§ **Recorded information**
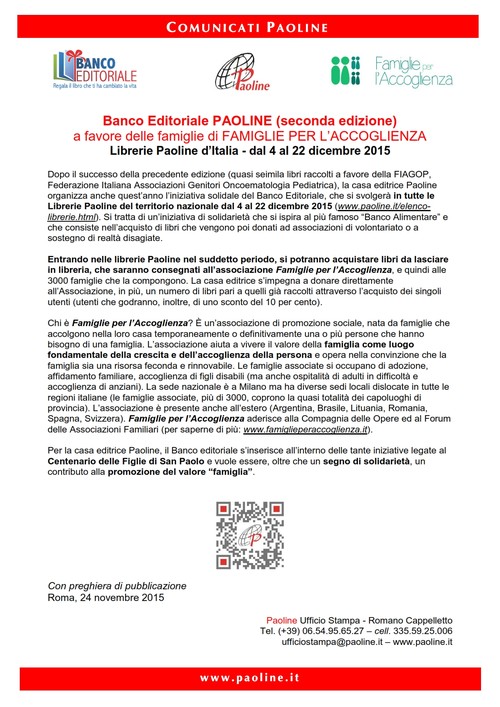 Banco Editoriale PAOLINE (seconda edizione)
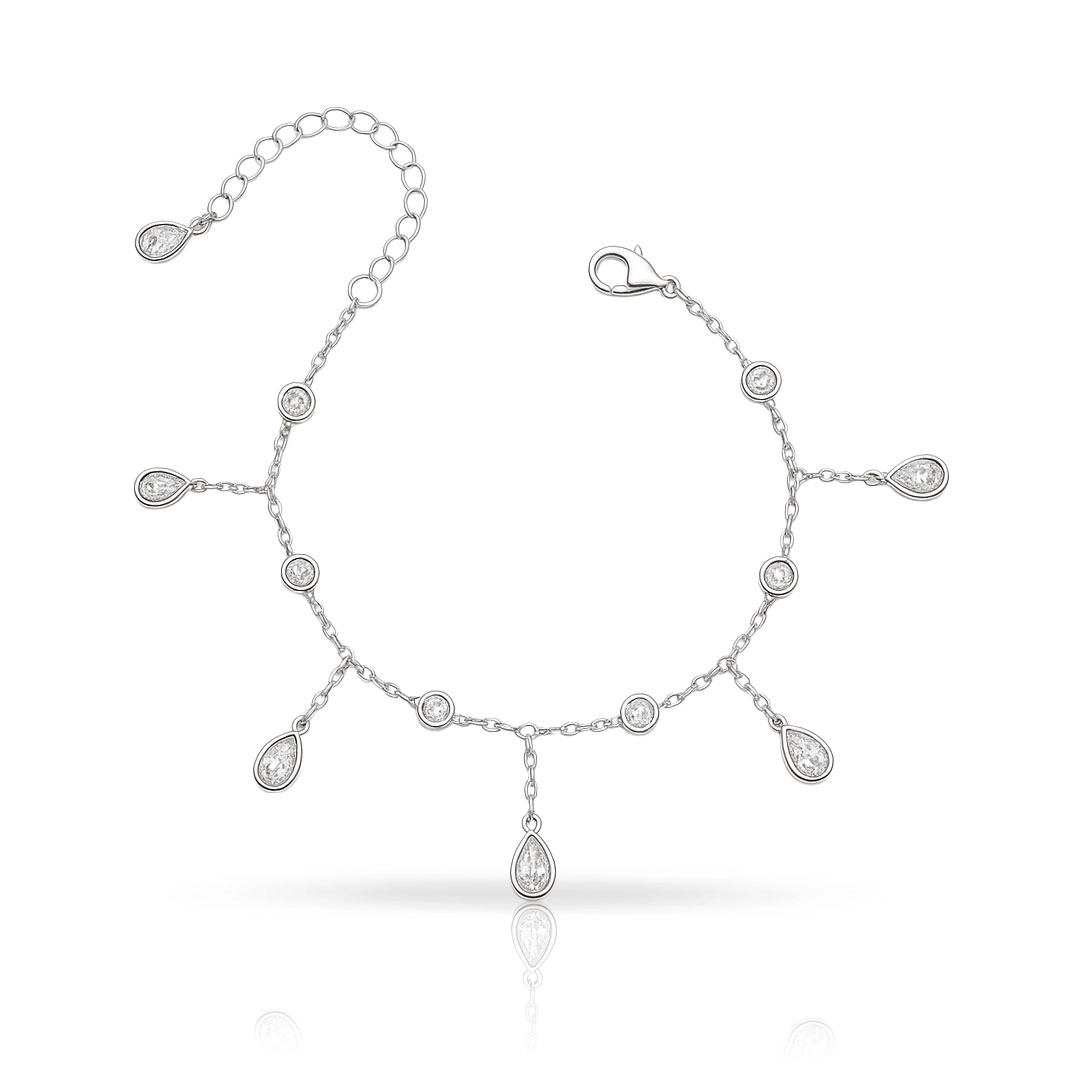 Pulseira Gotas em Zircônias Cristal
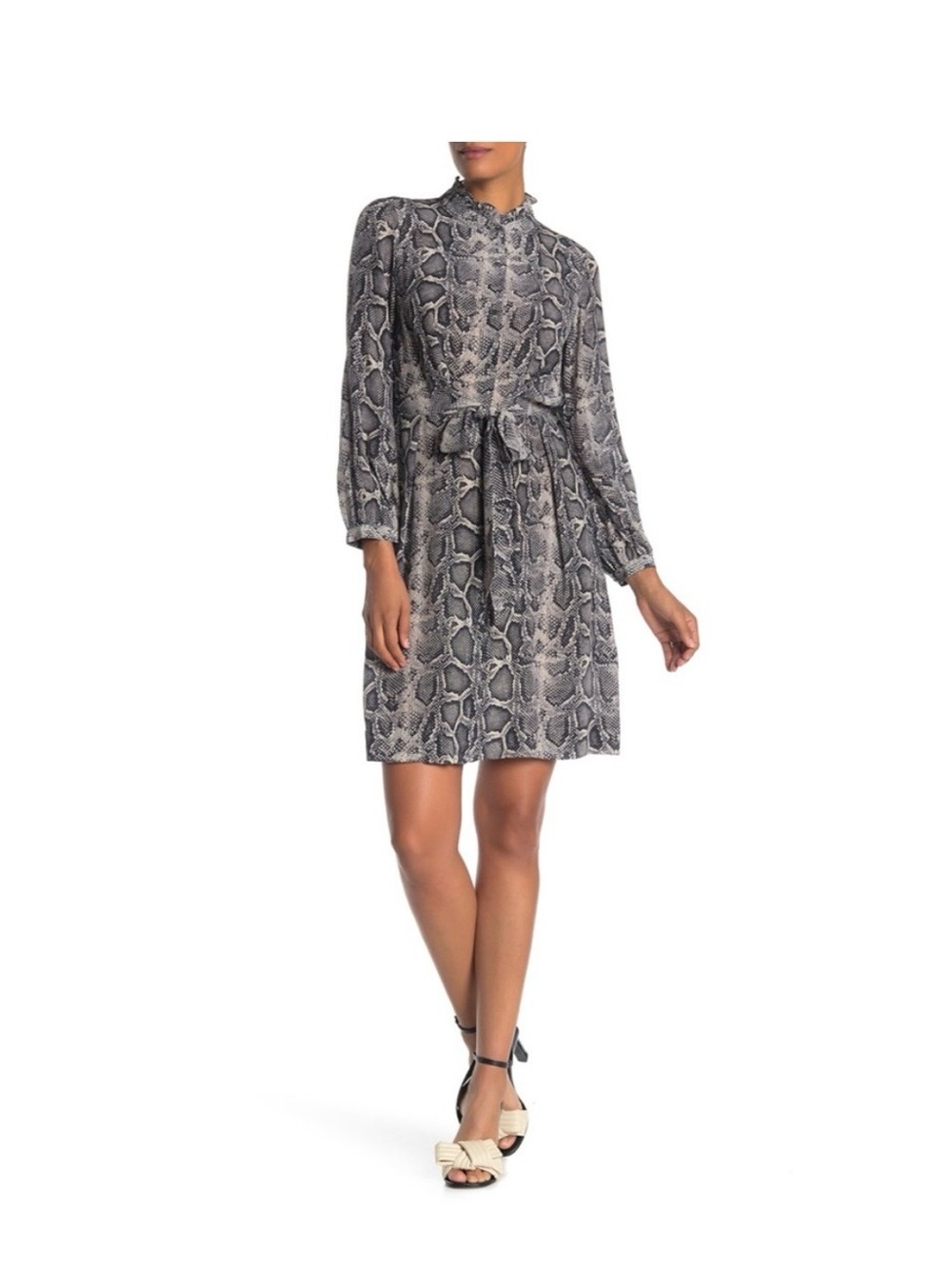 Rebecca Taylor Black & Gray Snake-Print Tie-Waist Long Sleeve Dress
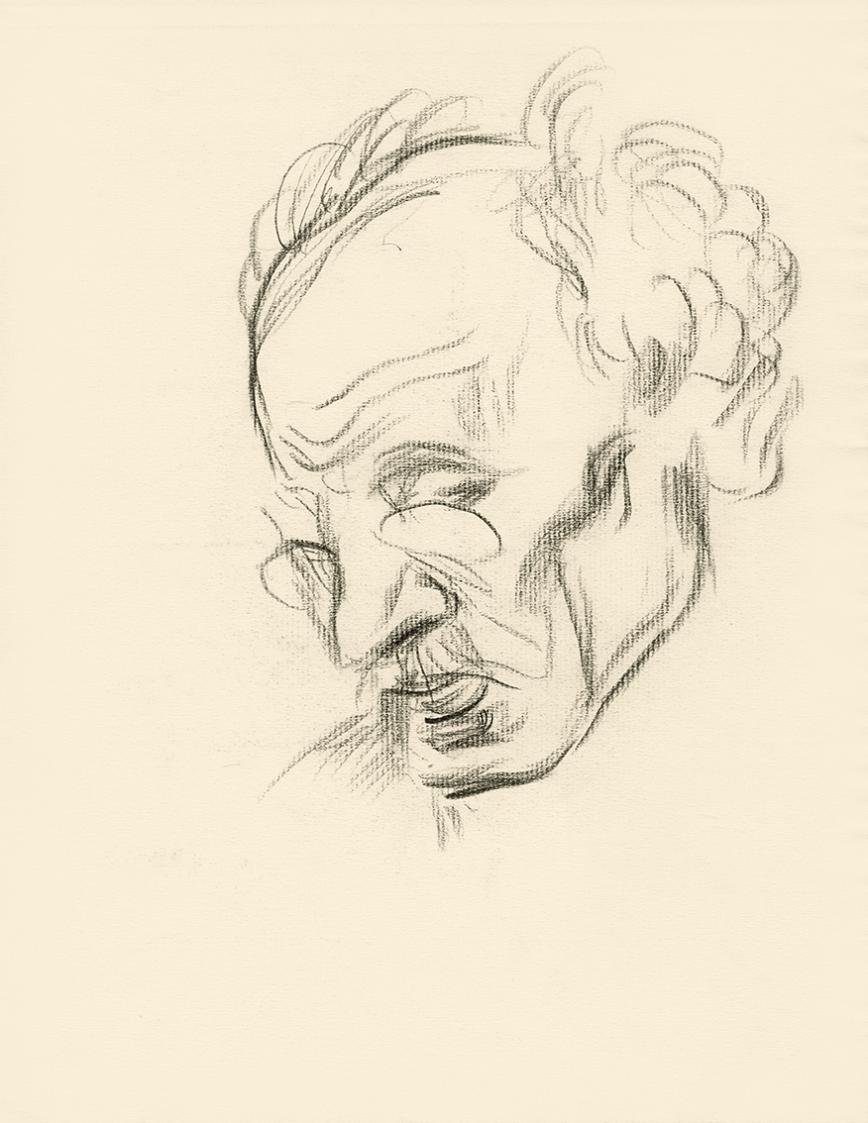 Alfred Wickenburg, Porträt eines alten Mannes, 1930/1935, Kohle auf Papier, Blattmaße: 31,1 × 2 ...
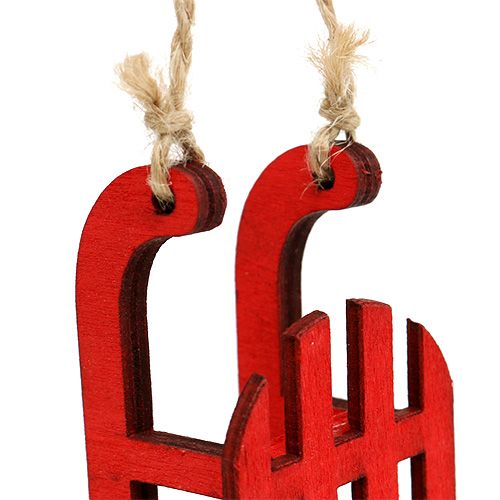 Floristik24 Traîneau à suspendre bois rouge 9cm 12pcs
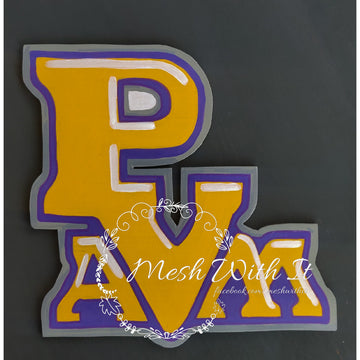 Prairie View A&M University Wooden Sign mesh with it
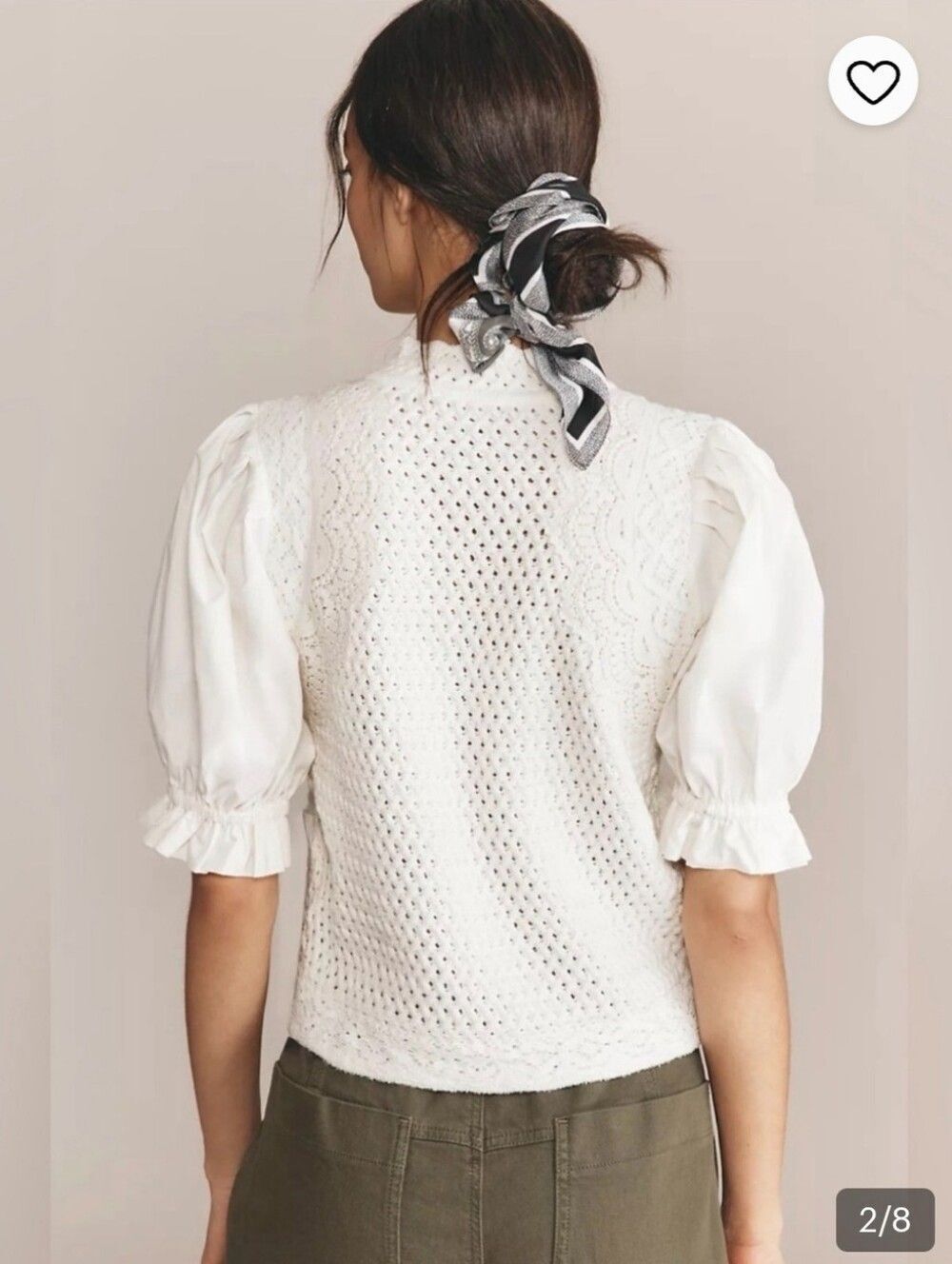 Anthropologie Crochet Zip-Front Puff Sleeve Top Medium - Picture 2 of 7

§ **Problem**
Without any pictures, output exactly the lines from the start of the material through the line that contains "Floristik24 Traîneau à", and only those.

§ **Expected output**
 Banco Editoriale PAOLINE (seconda edizione)
 Pulseira Gotas em Zircônias Cristal
 Rebecca Taylor Black & Gray Snake-Print Tie-Waist Long Sleeve Dress
 Alfred Wickenburg, Porträt eines alten Mannes, 1930/1935, Kohle auf Papier, Blattmaße: 31,1 × 2 ...
 Floristik24 Traîneau à suspendre bois rouge 9cm 12pcs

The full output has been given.